● Stored dataset items:
^^^^^^^^^^^^^^^^
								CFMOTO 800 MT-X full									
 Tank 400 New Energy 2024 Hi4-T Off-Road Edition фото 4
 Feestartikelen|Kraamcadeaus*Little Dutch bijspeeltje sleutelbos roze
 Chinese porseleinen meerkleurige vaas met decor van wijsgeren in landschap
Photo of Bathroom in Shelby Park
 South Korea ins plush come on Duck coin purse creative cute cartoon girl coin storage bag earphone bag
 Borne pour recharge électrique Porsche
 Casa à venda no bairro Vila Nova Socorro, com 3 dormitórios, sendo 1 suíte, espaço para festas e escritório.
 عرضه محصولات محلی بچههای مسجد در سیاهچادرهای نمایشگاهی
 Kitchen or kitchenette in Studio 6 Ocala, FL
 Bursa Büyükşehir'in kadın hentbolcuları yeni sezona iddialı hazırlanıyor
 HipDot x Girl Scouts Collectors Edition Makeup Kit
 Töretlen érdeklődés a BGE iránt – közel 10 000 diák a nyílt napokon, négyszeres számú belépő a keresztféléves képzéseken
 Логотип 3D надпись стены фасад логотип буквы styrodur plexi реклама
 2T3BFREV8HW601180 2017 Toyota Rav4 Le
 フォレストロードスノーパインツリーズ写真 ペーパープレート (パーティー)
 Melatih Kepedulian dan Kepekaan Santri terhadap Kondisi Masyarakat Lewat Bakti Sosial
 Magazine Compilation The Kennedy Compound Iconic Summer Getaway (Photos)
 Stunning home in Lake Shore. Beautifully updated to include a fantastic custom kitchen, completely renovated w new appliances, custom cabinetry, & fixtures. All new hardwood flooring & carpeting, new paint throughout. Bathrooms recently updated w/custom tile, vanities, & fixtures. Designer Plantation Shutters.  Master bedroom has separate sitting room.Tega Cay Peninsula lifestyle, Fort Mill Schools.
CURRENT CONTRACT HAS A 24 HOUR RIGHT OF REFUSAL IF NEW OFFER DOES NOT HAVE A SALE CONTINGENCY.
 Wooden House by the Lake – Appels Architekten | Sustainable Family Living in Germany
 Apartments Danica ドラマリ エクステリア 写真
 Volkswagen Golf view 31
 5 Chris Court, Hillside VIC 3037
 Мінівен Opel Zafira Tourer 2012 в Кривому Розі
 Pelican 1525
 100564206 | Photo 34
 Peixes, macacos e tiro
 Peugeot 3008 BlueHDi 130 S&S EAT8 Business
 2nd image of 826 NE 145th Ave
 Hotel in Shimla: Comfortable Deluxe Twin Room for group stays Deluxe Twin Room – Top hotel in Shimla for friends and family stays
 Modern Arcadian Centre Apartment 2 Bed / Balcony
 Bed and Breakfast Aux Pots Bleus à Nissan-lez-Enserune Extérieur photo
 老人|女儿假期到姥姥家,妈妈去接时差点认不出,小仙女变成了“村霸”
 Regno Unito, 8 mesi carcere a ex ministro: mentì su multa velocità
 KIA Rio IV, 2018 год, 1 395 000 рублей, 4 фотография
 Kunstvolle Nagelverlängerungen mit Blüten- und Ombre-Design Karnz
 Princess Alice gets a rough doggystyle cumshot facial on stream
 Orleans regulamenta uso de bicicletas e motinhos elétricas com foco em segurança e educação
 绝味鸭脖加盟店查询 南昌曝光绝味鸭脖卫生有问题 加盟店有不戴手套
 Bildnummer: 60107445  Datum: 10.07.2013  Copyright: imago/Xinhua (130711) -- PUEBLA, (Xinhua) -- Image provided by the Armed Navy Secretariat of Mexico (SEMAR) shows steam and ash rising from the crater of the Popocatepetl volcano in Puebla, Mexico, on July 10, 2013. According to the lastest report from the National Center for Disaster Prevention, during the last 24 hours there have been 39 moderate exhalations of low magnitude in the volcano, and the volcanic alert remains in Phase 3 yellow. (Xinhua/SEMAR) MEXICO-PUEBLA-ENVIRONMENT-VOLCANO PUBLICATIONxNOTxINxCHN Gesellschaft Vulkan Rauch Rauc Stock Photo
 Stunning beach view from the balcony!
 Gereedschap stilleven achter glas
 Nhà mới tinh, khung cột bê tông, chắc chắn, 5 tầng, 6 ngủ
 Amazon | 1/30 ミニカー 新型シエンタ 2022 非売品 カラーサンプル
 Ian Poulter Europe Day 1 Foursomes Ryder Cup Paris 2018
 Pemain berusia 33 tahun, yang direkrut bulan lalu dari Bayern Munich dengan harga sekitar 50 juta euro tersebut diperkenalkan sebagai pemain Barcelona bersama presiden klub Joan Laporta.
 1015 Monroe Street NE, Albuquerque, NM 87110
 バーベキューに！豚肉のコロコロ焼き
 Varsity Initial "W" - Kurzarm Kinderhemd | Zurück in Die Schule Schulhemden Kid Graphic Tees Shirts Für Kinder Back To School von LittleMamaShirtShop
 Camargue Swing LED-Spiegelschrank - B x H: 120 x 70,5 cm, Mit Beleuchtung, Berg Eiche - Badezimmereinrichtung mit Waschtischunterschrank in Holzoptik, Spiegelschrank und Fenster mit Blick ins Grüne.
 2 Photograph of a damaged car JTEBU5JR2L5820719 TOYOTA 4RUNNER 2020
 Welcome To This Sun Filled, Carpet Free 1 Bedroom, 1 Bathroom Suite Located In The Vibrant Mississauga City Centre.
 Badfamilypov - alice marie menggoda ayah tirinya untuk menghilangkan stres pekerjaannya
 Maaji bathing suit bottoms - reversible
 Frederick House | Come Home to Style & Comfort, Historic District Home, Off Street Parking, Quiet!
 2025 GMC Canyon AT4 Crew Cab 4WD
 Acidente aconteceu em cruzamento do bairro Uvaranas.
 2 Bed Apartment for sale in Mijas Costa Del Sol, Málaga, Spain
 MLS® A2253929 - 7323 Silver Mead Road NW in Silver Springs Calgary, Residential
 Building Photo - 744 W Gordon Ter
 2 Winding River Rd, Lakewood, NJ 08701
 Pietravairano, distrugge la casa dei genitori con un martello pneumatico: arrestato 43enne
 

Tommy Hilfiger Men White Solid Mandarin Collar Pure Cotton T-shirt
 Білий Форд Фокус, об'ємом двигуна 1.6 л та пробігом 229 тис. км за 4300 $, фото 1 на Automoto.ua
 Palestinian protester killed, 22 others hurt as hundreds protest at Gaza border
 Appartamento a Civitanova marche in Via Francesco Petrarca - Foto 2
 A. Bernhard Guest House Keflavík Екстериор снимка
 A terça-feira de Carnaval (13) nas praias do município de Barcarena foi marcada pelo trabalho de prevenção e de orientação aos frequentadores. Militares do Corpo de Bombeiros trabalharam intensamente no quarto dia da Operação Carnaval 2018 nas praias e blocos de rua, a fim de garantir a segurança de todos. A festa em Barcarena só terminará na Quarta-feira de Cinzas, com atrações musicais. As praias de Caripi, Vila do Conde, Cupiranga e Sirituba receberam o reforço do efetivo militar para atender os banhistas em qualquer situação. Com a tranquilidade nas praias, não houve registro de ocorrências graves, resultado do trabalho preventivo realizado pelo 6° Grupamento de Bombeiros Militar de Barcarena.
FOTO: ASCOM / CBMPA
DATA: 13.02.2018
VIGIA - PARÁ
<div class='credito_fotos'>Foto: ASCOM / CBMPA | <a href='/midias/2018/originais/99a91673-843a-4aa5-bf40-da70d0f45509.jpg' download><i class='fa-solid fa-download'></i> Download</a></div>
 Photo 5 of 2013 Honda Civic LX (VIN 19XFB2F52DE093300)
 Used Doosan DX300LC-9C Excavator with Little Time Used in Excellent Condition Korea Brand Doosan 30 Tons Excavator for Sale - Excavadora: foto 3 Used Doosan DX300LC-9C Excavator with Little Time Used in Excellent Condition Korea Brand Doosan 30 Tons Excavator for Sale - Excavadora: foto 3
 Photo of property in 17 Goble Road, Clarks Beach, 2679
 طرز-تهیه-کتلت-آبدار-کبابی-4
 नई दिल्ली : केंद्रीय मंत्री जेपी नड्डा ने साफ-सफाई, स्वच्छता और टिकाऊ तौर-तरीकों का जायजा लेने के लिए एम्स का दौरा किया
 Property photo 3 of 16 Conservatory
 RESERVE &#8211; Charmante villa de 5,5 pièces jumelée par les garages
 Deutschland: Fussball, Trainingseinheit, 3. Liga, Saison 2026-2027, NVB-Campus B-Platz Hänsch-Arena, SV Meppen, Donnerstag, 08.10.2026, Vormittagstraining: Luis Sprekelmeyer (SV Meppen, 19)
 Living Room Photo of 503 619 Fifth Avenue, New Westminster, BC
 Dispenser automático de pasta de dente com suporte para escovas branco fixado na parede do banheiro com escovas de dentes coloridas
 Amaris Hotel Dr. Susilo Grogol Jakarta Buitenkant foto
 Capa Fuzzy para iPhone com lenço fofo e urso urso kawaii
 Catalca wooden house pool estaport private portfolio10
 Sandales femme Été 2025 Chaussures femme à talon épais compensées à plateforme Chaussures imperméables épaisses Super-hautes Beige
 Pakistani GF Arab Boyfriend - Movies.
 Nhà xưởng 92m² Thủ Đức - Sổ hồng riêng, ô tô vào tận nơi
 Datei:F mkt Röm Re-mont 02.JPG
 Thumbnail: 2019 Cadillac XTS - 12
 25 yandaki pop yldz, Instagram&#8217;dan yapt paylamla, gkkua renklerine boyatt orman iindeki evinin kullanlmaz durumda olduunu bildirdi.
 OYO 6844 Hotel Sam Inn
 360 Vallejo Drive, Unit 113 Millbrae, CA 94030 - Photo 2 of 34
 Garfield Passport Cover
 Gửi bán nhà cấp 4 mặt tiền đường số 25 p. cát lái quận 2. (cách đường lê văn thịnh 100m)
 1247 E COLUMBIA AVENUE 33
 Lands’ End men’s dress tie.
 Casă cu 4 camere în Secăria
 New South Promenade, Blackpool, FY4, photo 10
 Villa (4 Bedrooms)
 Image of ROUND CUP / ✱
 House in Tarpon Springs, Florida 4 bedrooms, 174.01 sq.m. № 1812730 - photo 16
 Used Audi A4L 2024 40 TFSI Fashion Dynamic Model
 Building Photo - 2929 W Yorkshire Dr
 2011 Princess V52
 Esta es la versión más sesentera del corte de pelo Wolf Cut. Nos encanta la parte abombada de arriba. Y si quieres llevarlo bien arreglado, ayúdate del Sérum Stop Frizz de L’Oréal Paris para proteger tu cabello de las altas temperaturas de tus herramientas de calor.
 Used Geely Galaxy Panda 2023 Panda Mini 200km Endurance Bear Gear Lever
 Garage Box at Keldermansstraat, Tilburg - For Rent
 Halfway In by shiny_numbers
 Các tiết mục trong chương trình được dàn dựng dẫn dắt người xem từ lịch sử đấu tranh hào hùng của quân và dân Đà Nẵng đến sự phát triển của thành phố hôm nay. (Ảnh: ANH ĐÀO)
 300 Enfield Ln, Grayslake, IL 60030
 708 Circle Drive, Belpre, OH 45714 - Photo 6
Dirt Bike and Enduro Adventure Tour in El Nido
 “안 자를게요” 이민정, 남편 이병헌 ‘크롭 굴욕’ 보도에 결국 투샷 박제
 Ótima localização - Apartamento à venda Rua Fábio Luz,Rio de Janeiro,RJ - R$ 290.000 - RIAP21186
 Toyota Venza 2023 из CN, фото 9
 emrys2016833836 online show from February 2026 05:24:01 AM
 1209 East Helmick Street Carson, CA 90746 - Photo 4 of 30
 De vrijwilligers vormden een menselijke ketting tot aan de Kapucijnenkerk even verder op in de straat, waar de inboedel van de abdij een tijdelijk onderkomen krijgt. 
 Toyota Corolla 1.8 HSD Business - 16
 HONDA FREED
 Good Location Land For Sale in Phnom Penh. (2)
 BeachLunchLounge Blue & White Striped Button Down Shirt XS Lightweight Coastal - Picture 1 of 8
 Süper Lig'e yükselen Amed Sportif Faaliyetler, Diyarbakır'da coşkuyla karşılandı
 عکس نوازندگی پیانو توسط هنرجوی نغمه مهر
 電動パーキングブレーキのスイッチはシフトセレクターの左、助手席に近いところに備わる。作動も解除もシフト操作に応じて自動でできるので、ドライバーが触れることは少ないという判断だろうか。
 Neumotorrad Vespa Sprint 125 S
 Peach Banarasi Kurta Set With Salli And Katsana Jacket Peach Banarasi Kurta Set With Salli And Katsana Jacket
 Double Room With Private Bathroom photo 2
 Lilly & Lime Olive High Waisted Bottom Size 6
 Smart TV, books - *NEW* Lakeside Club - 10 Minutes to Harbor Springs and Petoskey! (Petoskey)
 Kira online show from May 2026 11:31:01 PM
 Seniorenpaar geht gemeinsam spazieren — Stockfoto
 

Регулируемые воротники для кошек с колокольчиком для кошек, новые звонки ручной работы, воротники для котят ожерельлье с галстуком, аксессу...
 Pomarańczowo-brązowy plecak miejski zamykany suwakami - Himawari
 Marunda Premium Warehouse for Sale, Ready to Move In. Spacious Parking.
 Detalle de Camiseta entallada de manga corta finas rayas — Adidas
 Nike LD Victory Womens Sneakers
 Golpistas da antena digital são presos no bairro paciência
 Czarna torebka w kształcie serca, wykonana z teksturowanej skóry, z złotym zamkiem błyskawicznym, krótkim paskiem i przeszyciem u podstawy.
^^^^^^^^^^^^^^^^
Up to and including the line with "Chinese porseleinen meerkleurige", please return the records exactly, beginning from their first line.

● Your response:
								CFMOTO 800 MT-X full									
 Tank 400 New Energy 2024 Hi4-T Off-Road Edition фото 4
 Feestartikelen|Kraamcadeaus*Little Dutch bijspeeltje sleutelbos roze
 Chinese porseleinen meerkleurige vaas met decor van wijsgeren in landschap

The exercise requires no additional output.